Schaefer credits his doctors and other staff at Barnes-Jewish for not giving up on him when he was at his sickest.

He cites support from friends and former students as helping to buoy his spirits during his ordeal. He received about 500 get-well cards and more than one hundred emails of support throughout his illness.

Other than a bout of organ rejection, which required adjusting his medications, his new liver has functioned beautifully. The transplant medications, however, have caused him to become diabetic – a common side effect. Schaefer said that the discipline that helped him throughout his teaching and coaching career at South Knox High School has helped him manage his diabetes.

He stays in regular touch with his transplant nurse coordinator, Che’ Frost, RN, at Barnes-Jewish, who manages his transplant care and testing, and is always available to answer questions and solve any problems.

“I have never met a finer person than Che’,” he said.

Now that he is once again healthy, Schaefer says he can do pretty much what he wants.

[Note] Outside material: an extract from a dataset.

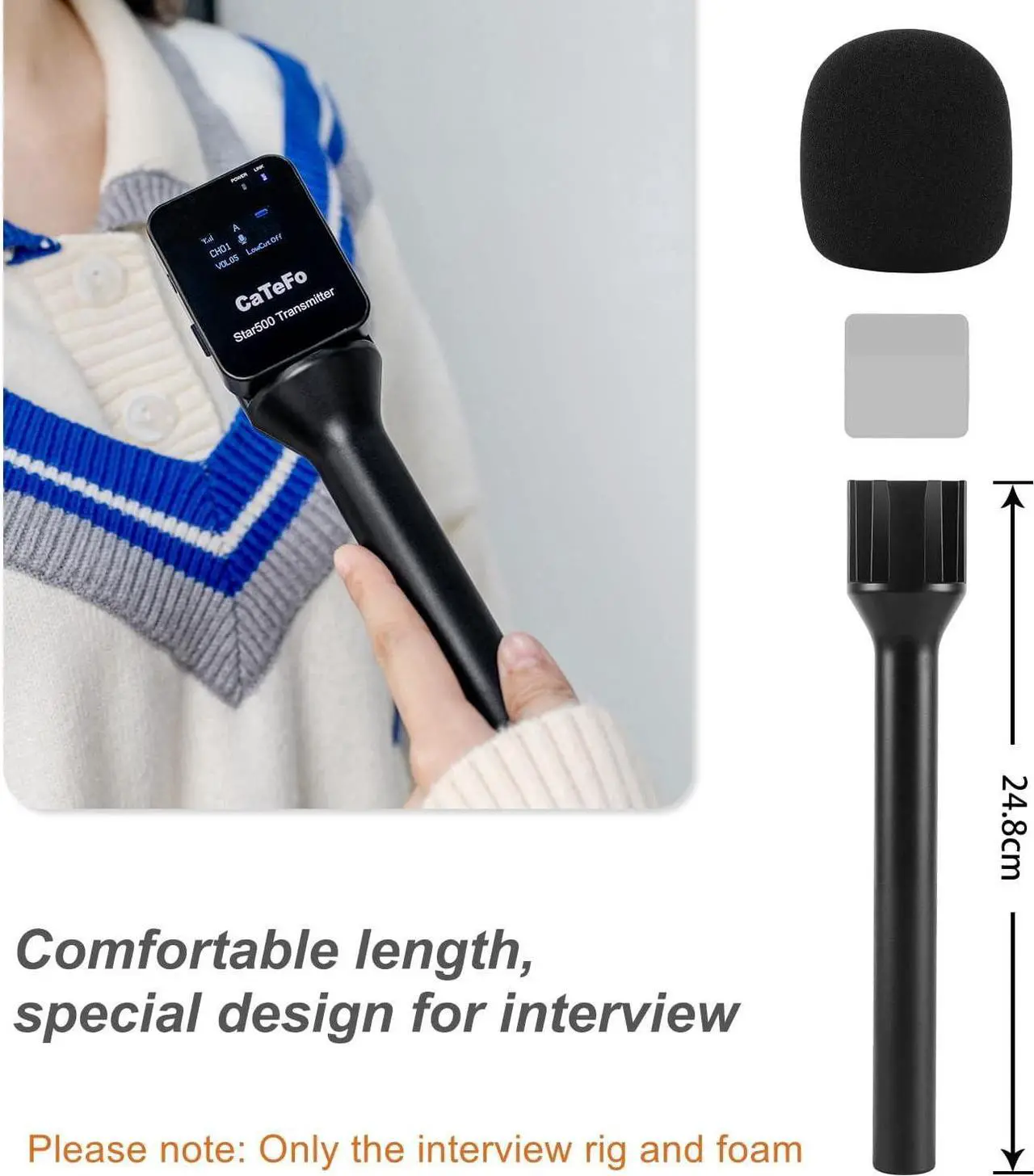 Alt view image 2 of 7 - Microphone Interview Handle Interview GO Handheld Adapter with Foam for RODE Wireless GO DJI Mic Lark Max and Other Wireless Transmitter with Cold Shoe StarRig-S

He has learned to pace himself though.

“You don’t realize sometimes that you have to take care of yourself,” he said. “I’ve learned to say ‘no’ to things.”

But it one thing he says “yes” to is educating others about organ transplant. He has done some talking in church about the transplant process. He recently recounted his experience to a student who decided to base a research paper on him and his journey to transplant.

And, Schaefer said that he would be glad to share his perspective with anyone who is on the waiting list or thinking about transplant.